Text: Till Briegelb | Fotos: Julia Schwendner

Warum sind diese Menschen eigentlich alle so gut drauf? Es ist drei Uhr nachts, in den Straßen der Innenstadt ist nur feiner Nebel, sonst nichts, und selbst die ewig krächzenden Hafenmöwen sind still. Aber in diesem gesunden Füllhorn der Stadt herrscht allerorts eine ausgeschlafene Stimmung, als sei Obst- und Gemüsehandel ein Freizeitvergnügen. An den offenen Ständen des Hamburger Großmarkts wird geflachst und gesnackt, ein Blumenhändler wird von einer Kundin umarmt, weil er Geburtstag hat, in allen Gängen herrscht zutrauliche Freundlichkeit, und ein alter Herr mit Fahrrad, der längst nicht mehr arbeiten muss, kommt jede Nacht her, da die Fruchtbörse unter dem Wellendach seit 60 Jahren seine Lebenswelt ist: Willi von Hacht, jeder grüßt ihn.

Überhaupt kennt auf den 40.000 Quadratmetern Handelsfläche jede Nachtigall die andere. Das emotionale Gleichgewicht dieser Gemeinschaft gründet sich maßgeblich da­rauf, dass hier Tradition ein fester sozialer Klebstoff ist, gegen die Flüchtigkeit der Waren, überhaupt, die Flüchtigkeit der Zeit.
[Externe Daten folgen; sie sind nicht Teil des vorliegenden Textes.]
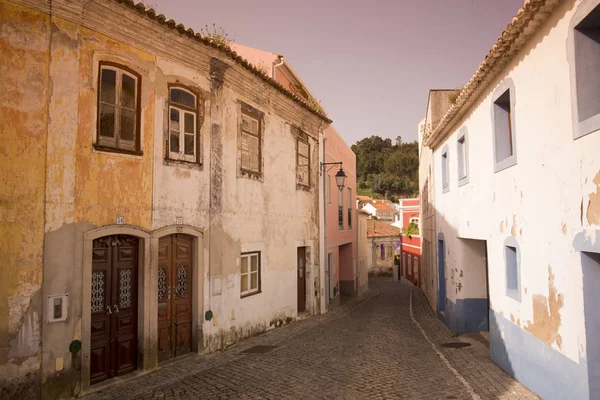 Een steegje in de oude stad van Monchique in Portugal — Stockfoto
Willi von Hacht war bei der Eröffnung der imposanten Hallen am 4. Juni 1962 schon hier. Damals war er 21. Seine Kinder führen jetzt den Laden, aber es gibt auch schon dritte und vierte Generationen auf dem Parkett der Äpfel, Salate und exotischen Früchte. Und andere Großväter, die von dem pulsierenden Leben in der Stadt der Transportkistentürme nicht lassen können. Wer nach Hause kommt, wenn andere verschlafen ihren Computer anschalten, der lebt in einer besonderen Aura, einer schattenlosen Neonwelt der Düfte und Geschmäcker, wo sich die Verschworenheit eines Wir-Gefühls nahezu automatisch einstellt.

Wobei das Verschieben der Arbeitszeit ins Nachtaktive bei vielen nicht zu einem Katzenleben führt, wo tags geschlummert wird. Ein Großteil der Händler ist selbst Erzeuger, die man an den gelben Leihkisten erkennt, die sie für 30 Cent Pfand vom Großmarkt erhalten. Christian Meyer etwa, der hier rund eine Million Salatköpfe pro Jahr verkauft, frisch geschnitten von der Anbaufläche seines Familienbetriebs in Moorwerder, schläft höchstens im Winter richtig. Jetzt steht er um 22.15 Uhr auf, fährt nach Hammerbrook, kehrt zurück, um seine Kinder in die Schule zu bringen, und steht danach schon wieder auf dem Feld. Wochenarbeitszeit? 100 Stunden.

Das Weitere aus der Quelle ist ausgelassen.